Statistisch onderzoek vanwege de overheid lag helemaal niet goed in de Tweede Kamer en dat zou nog wel een paar decennia met ups en downs blijven duren. De conservatief-liberalen die in die dagen de scepter zwaaiden moesten om ideologische redenen heel weinig van staatsstatistiek hebben. De staat moest klein blijven en zo min mogelijk belasting heffen. Hun houding van laissez faire, hun fundamentele bezwaren tegen sociaal-economische politiek en hun opvatting dat een vrije commerciële natie als Nederland geen kwantificatie nodig had werkten dit in de hand.
De Minister, Jonkheer Mr Jacob Van Tets van Goudriaan (1812-1885), heer van Oud- en Nieuw-Goudriaan, weerde zich als een leeuw. Wat de volkstelling van 1859 betrof, die moest er komen, zo beklemtoonde de minister. Het was immers wettelijk noodzakelijk het inwonertal precies te bepalen om zo in elke gemeente het juiste aantal raadsleden en wethouders (en trouwens ook de hoogte van hun salarissen) te kunnen vaststellen. Hier speelde hij in op het eigenbelang van vele kamerleden en hun families die in politieke en bestuursfuncties werkzaam waren. Ook voor de vaststelling van de Nationale Militie en de personele belasting was een nieuwe volkstelling wettelijk onmisbaar.
Aanpassing op basis van geboorten en overledenen was ondoenlijk volgens hem, daar de registers van aankomst en vertrek te lacuneus waren. Hij wees erop dat in België bij de volkstelling van twee jaar eerder, in 1856, was gebleken dat er liefst 114.000 personen bleken te bestaan die niet ingeschreven waren.
Misschien vreesde hij dat leden van de Kamer dit als een typisch Belgisch gebrek zouden zien, want hij voegde er haastig aan toe dat de volkstelling niet alleen tot een precieze bepaling van de bevolking zou leiden.
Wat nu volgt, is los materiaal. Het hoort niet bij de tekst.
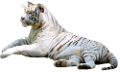 tigris_246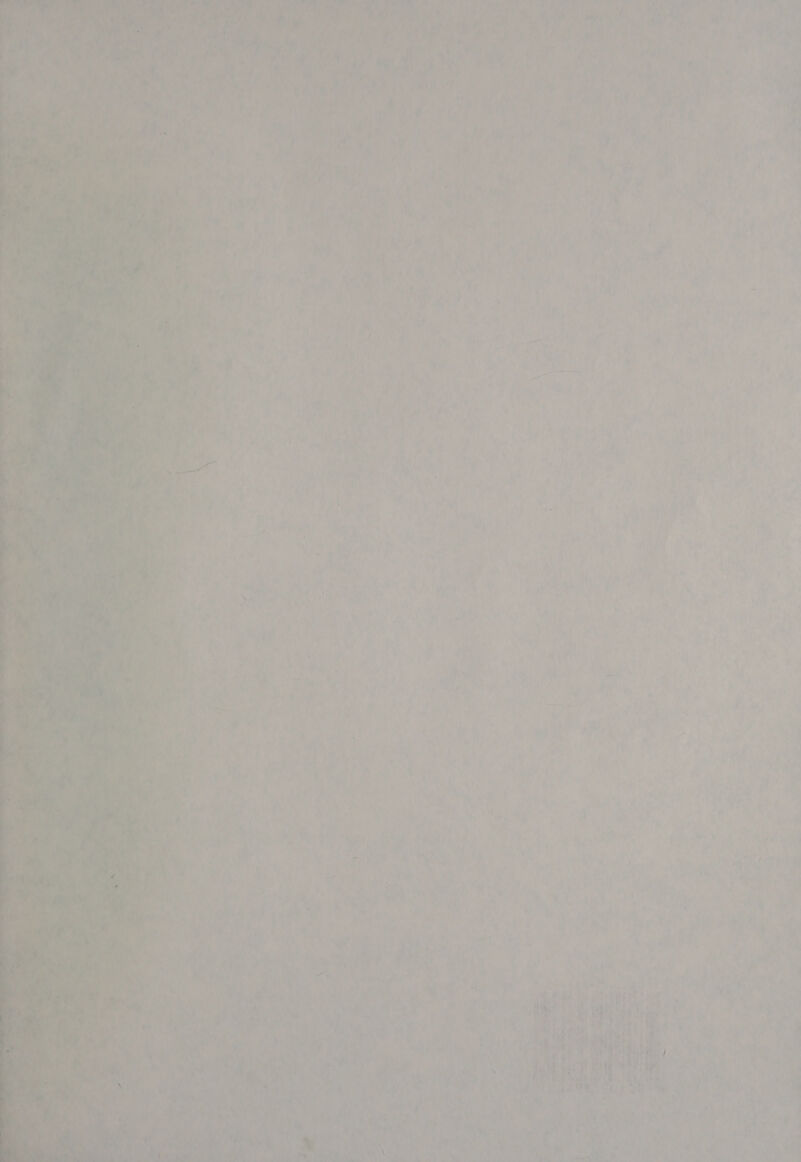 ThA ol: mn | y f 19 7 ‘ a i x af ie we) A) a J  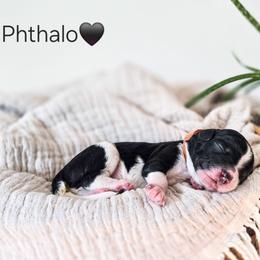 Phthalo - Parti male Poodle puppy in Gaylord, Michigan from Dog Mom Co. Poodles
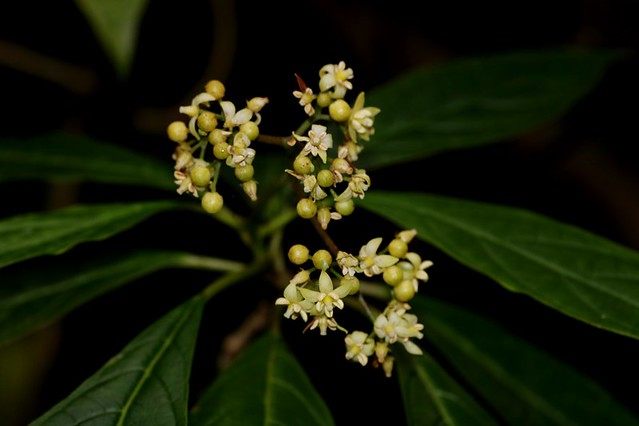 Abrophyllum ornans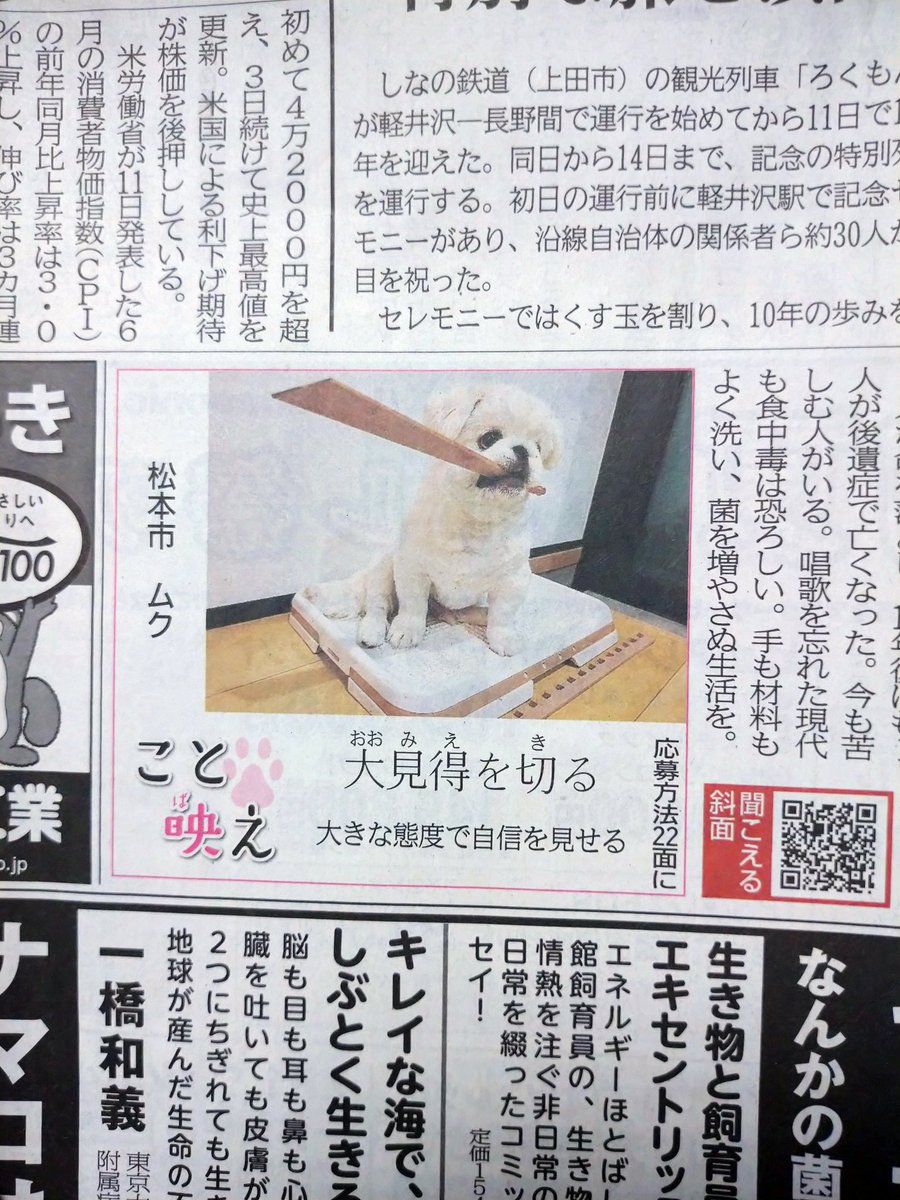 実家から送られてきた荷物に入ってた新聞にザシアンおったわ 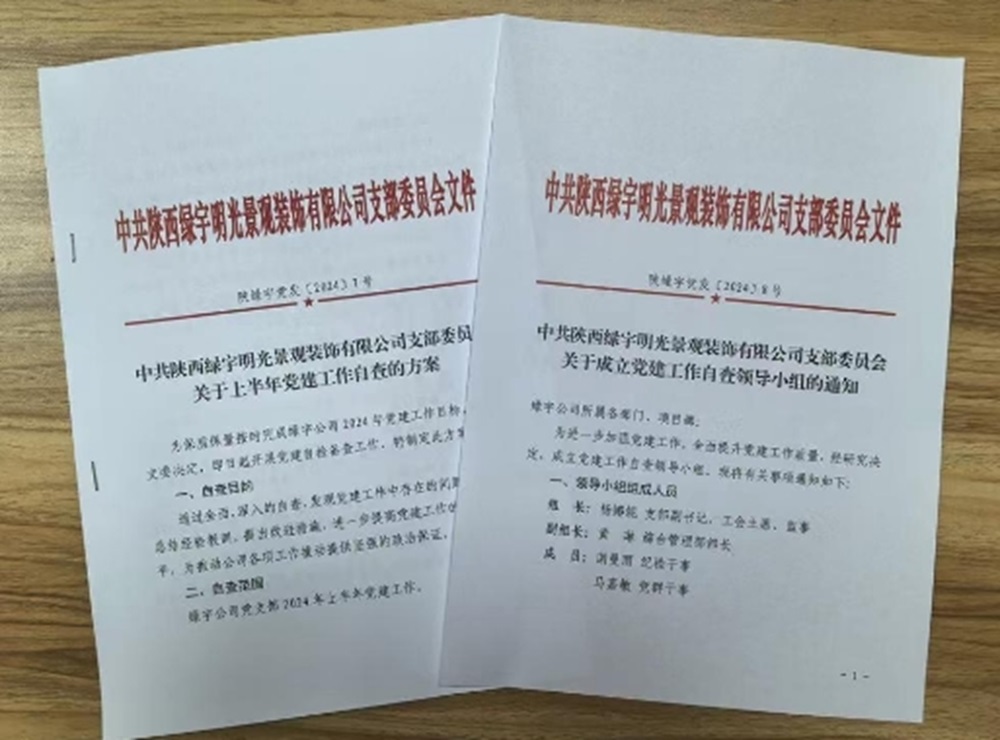 自我审视 党建先行
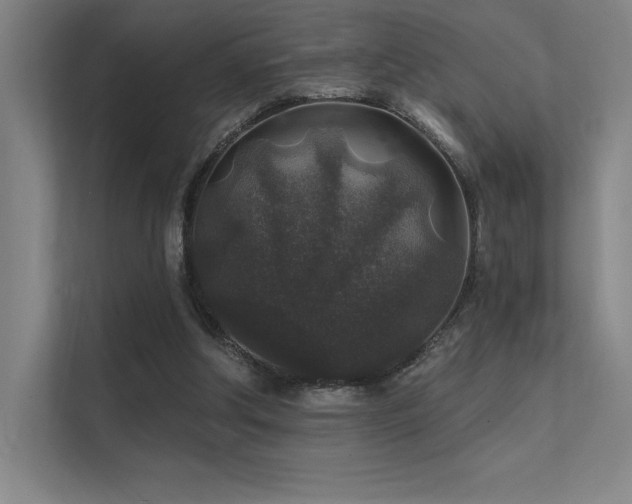 X0000112420202200908141417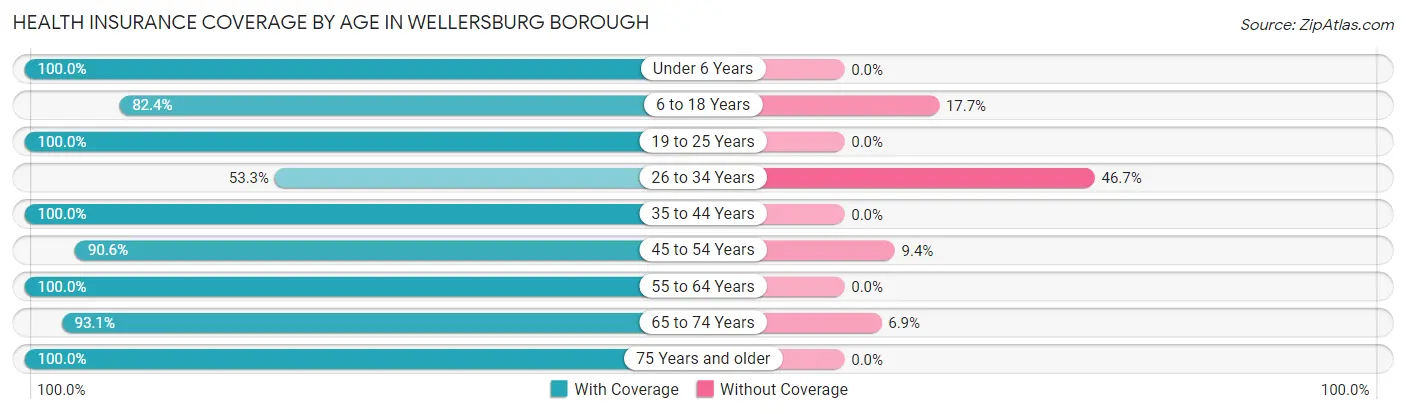 Health Insurance Coverage by Age in Wellersburg borough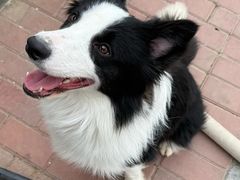 -趣玩宠物乐园寄养训犬训狗游泳池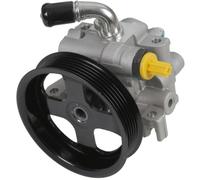 Abakus Pompa Idraulica Sterzo Per Ford Transit Connect P65_ P70_ P80_ 1.8 Di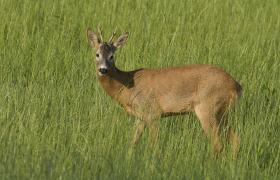 Capreolus capreolus
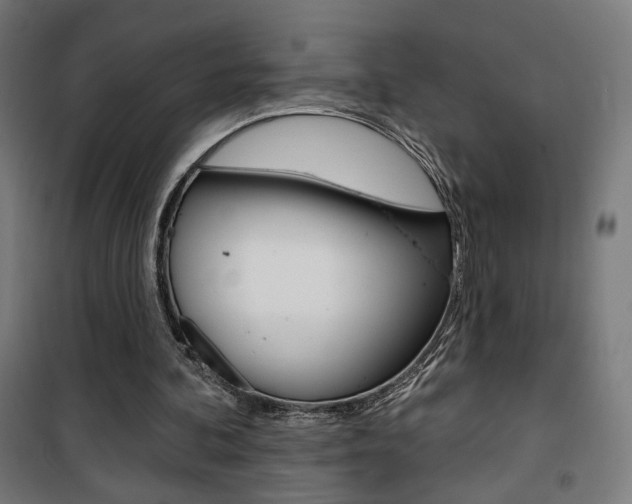 X0000101400292200807071036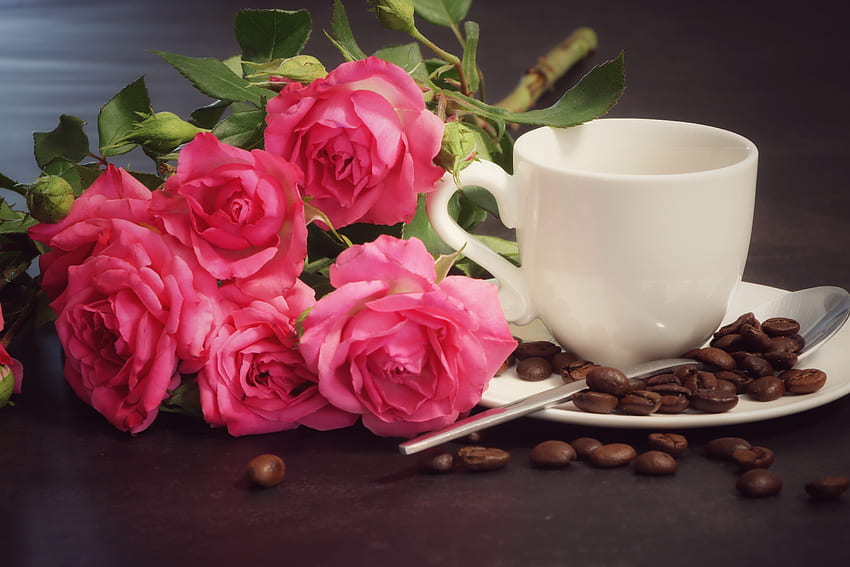 Coffee beans, Roses, Cup, Flowers, Pink HD wallpaper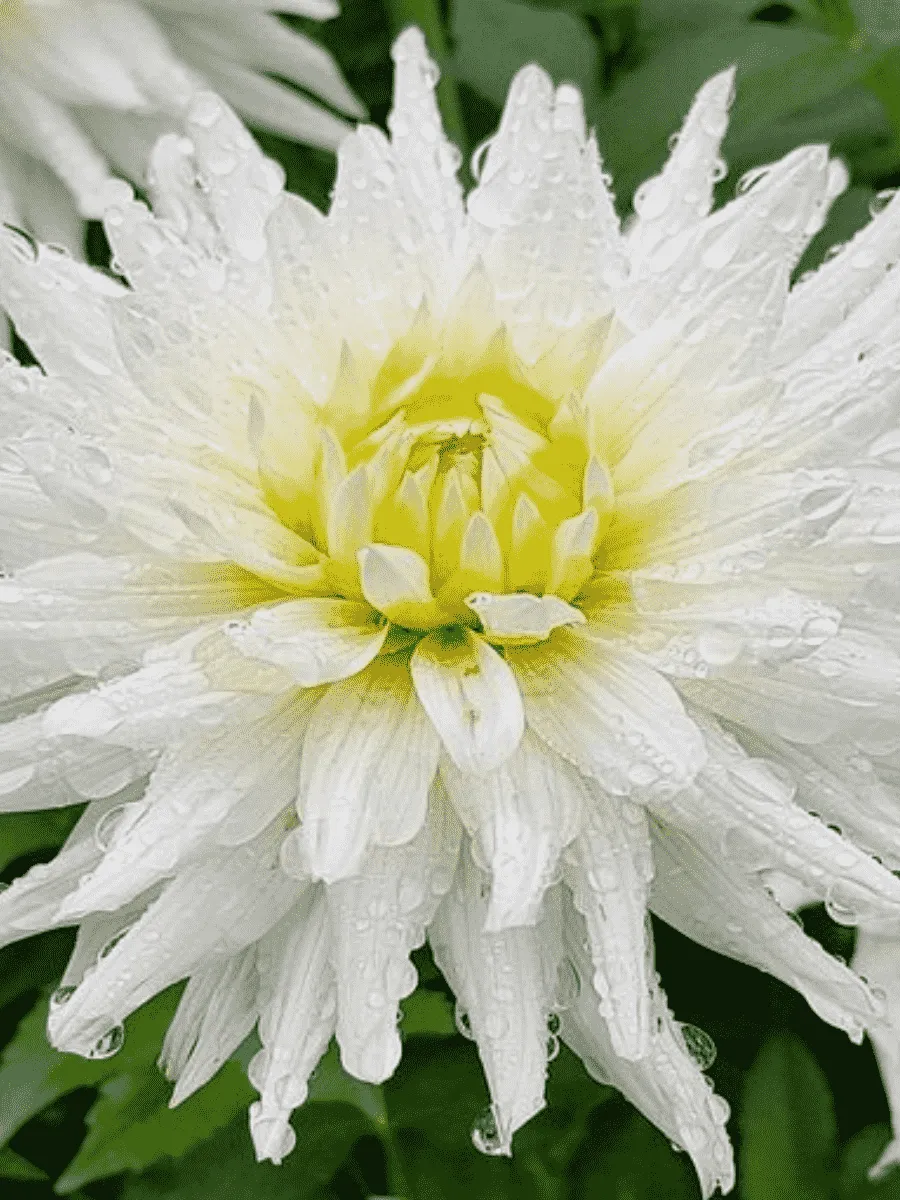 Георгина Playa Blanca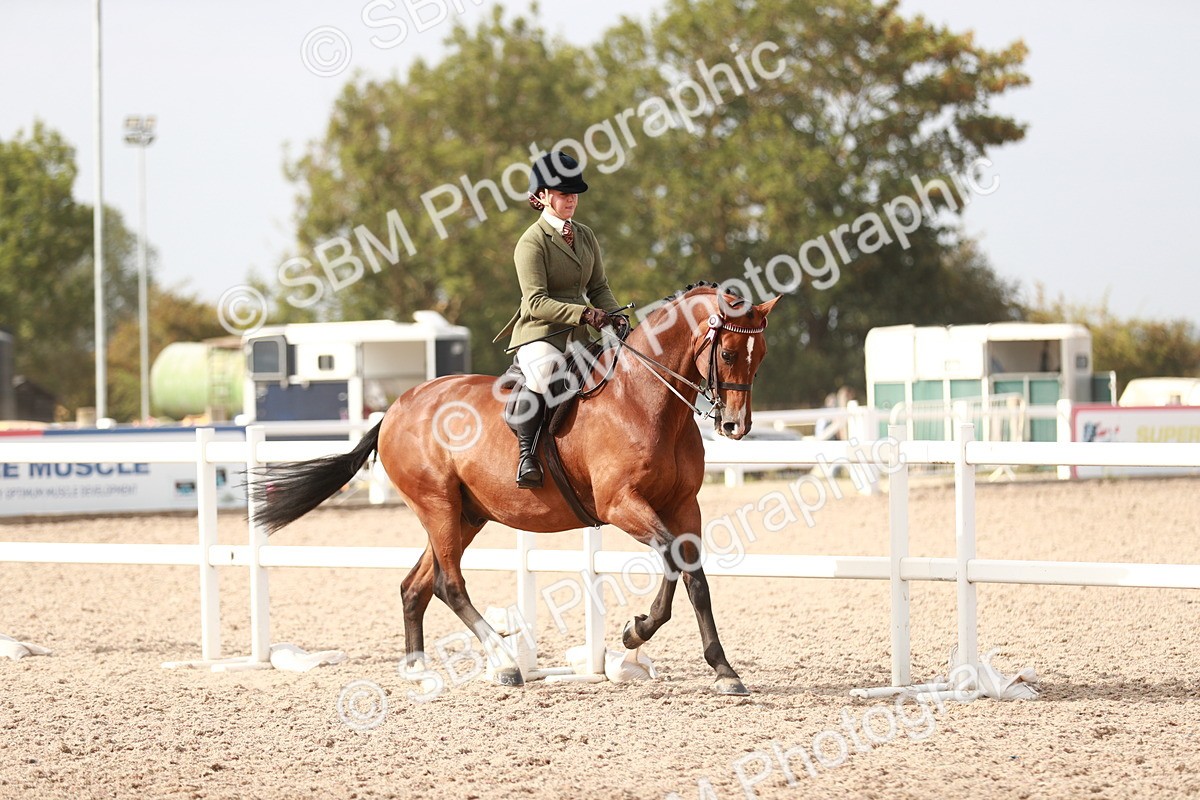 SBM_17490 - Class 215 Ridden Hack/ Riding Horse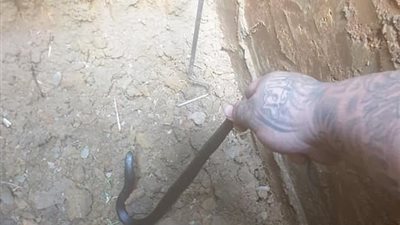 شاهد بالصوت والصورة ثعبان يتسلل إلى داخل قبر ميت أثناء مراسم الجنازة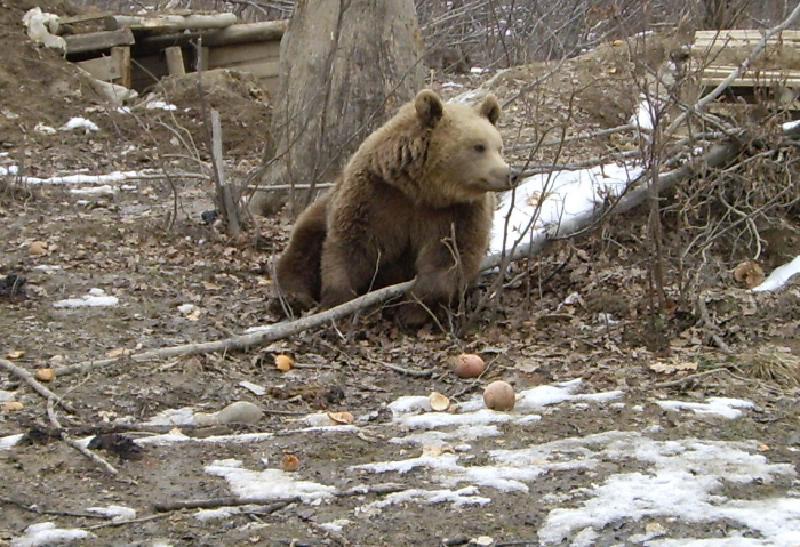 Featured image of post Se impune implicarea Guvernului pentru a stopa atacurile urșilor și omorârea oamenilor în județul Mureș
Hij zou ook dienen voor de berekening van de sterfte op elke leeftijd. Een aantal parlementariërs met connecties in het Amsterdamse verzekeringswezen zullen hierop met veel belangstelling hebben gereageerd. En tenslotte hanteerde de Minister het conservatief-liberale en trouwens ook oer-Hollandse argument dat de volkstelling bijzonder goedkoop was. De Belgen hadden in 1846 omgerekend bijna 300.000 gulden besteed. Een bedrag van f 13.000 was volgens hem gering, wat onmiskenbaar volkomen juist was.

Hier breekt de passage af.